Restate the listing below word for word. No picture belongs in the result.

- Data excerpt
<<<<

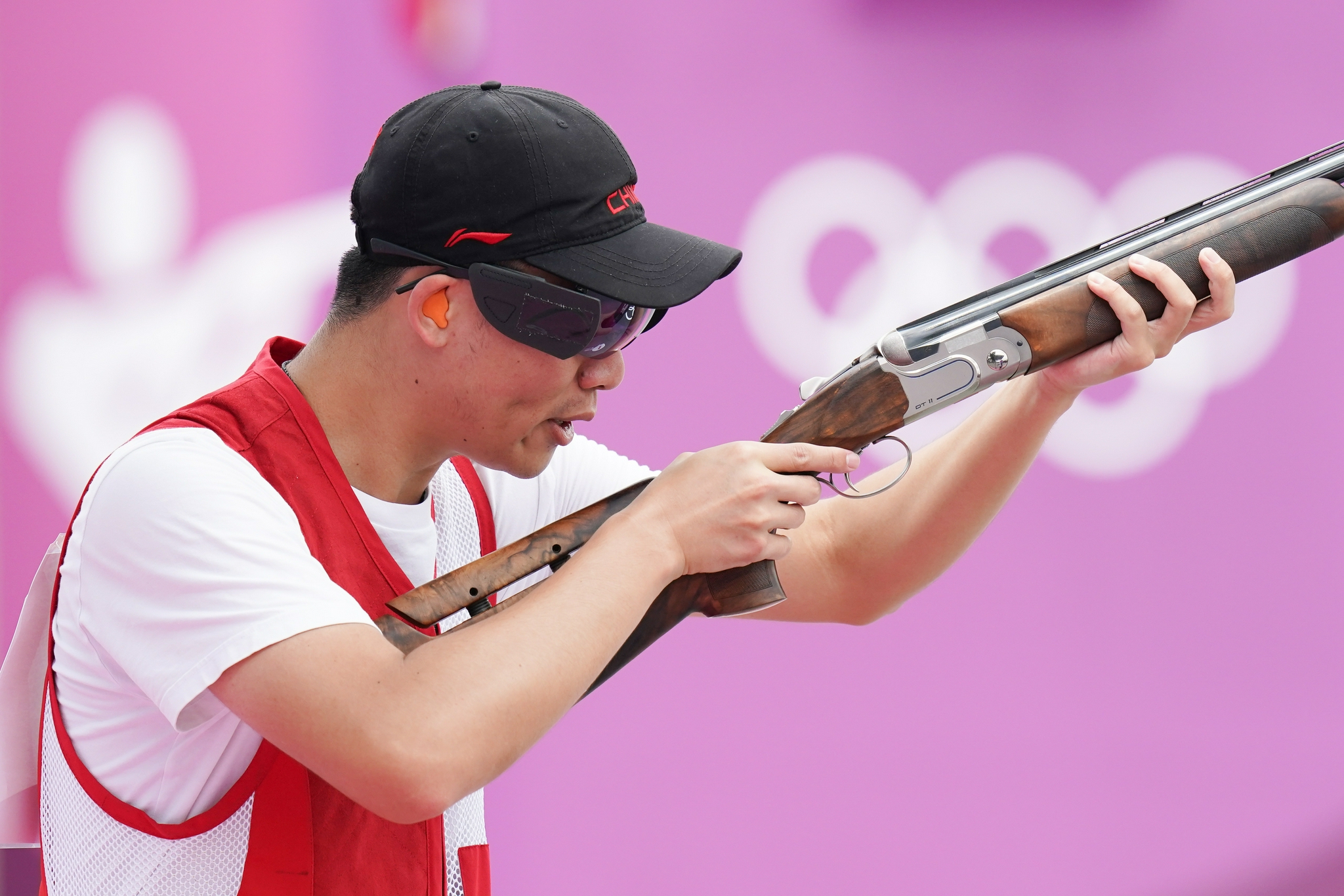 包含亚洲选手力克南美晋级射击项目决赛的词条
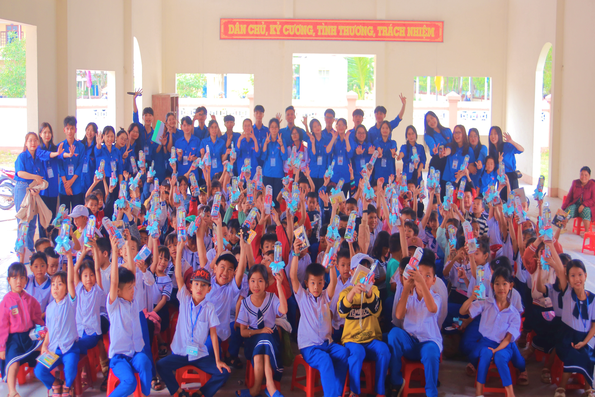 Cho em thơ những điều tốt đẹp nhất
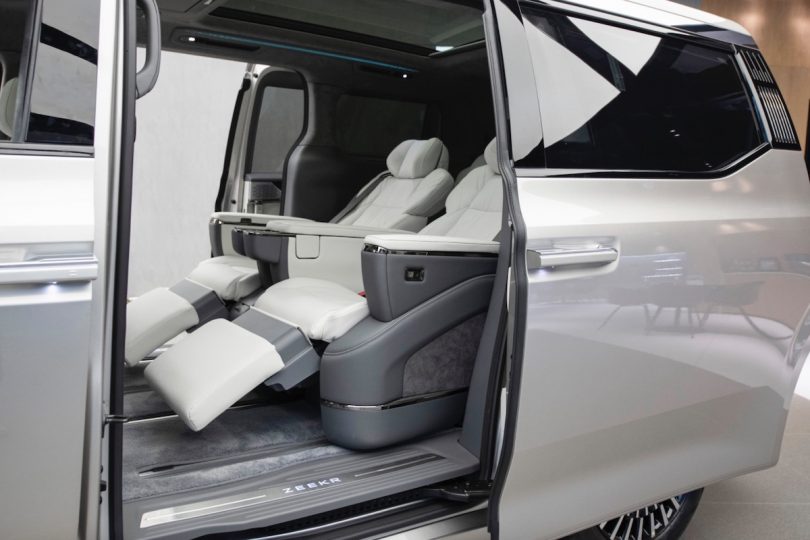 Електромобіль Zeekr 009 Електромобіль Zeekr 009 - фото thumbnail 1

>>>>

- Exercise response
 包含亚洲选手力克南美晋级射击项目决赛的词条
 Cho em thơ những điều tốt đẹp nhất
 Електромобіль Zeekr 009 Електромобіль Zeekr 009 - фото thumbnail 1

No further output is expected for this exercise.